*EXERCISE DATA*:
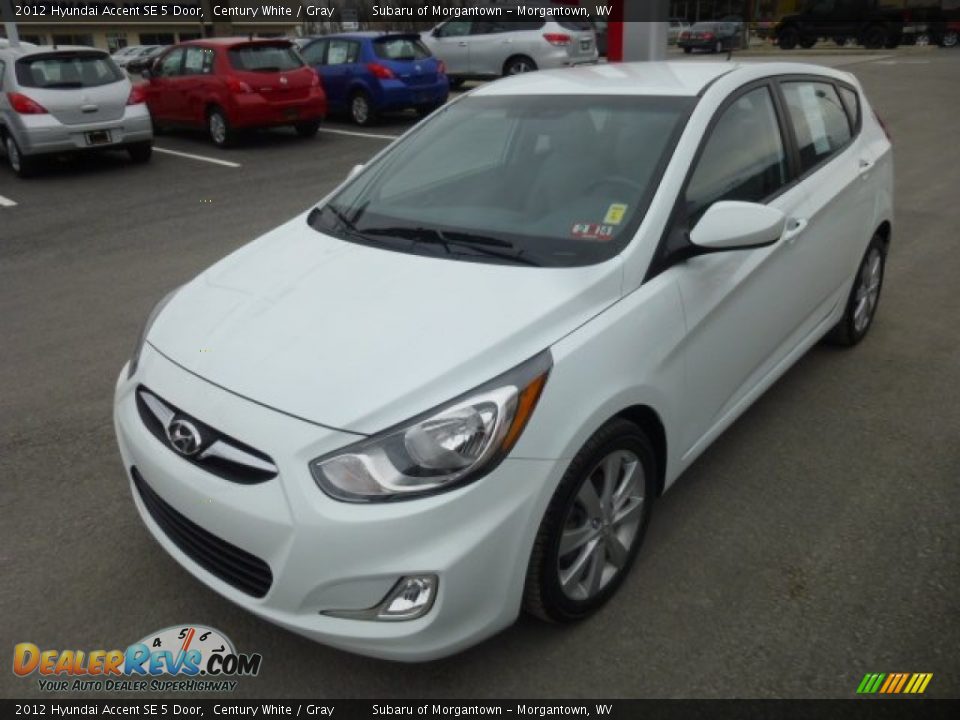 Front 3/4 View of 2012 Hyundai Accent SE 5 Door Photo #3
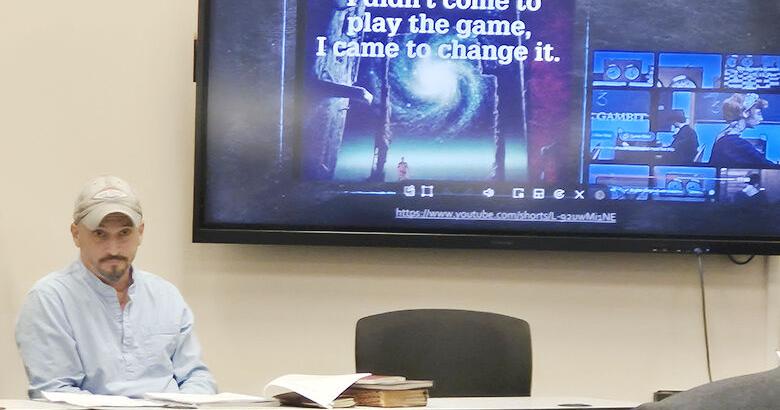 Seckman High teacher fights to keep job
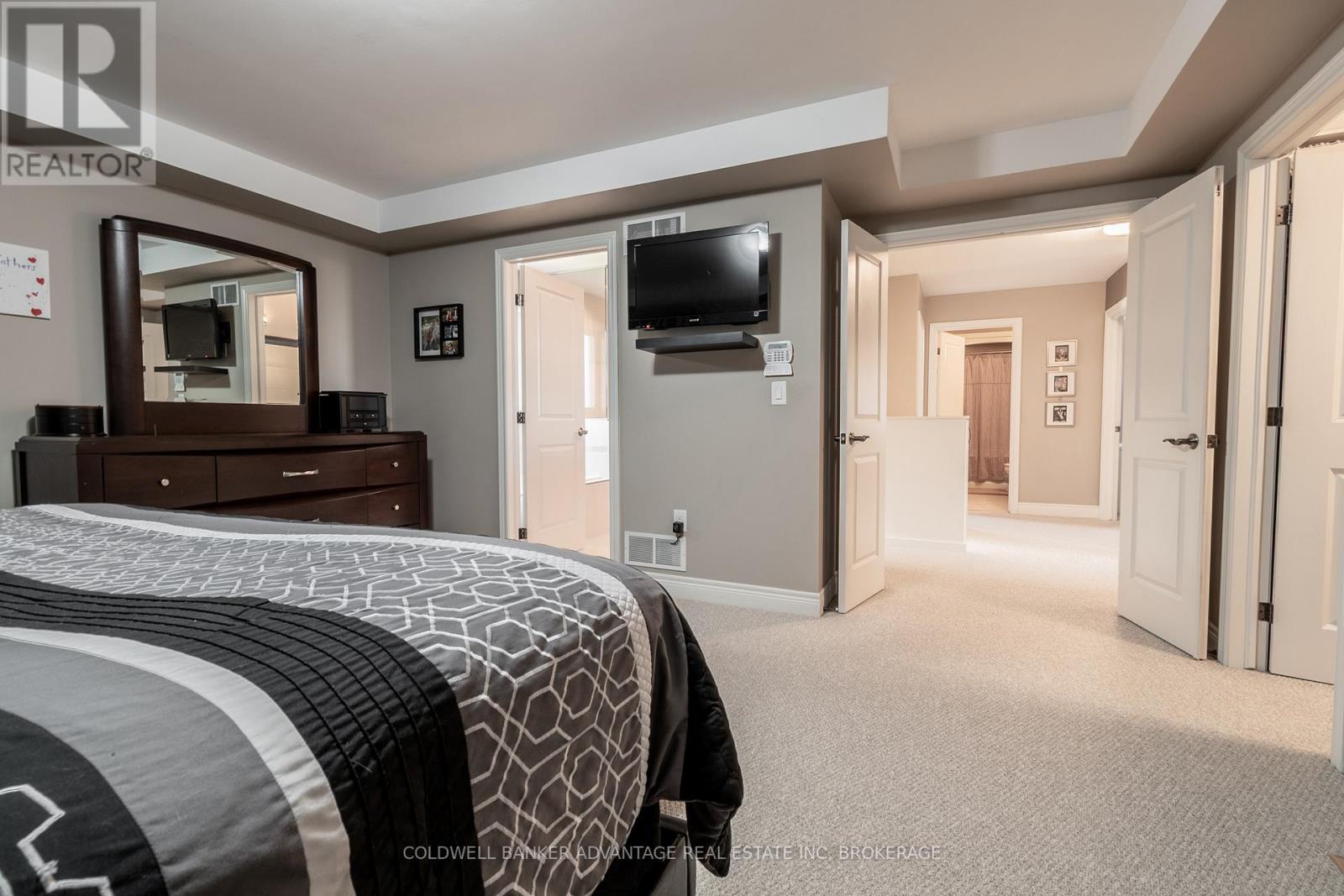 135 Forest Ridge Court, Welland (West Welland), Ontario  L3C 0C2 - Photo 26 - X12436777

*EXERCISE DIRECTIONS*: Retype verbatim only the lines beginning with the line that contains "Seckman High teacher fights to keep job" and ending with the last line of the listing above; pictures are to be excluded.

*SOLUTION FOR THIS PROBLEM*:
 Seckman High teacher fights to keep job
 135 Forest Ridge Court, Welland (West Welland), Ontario  L3C 0C2 - Photo 26 - X12436777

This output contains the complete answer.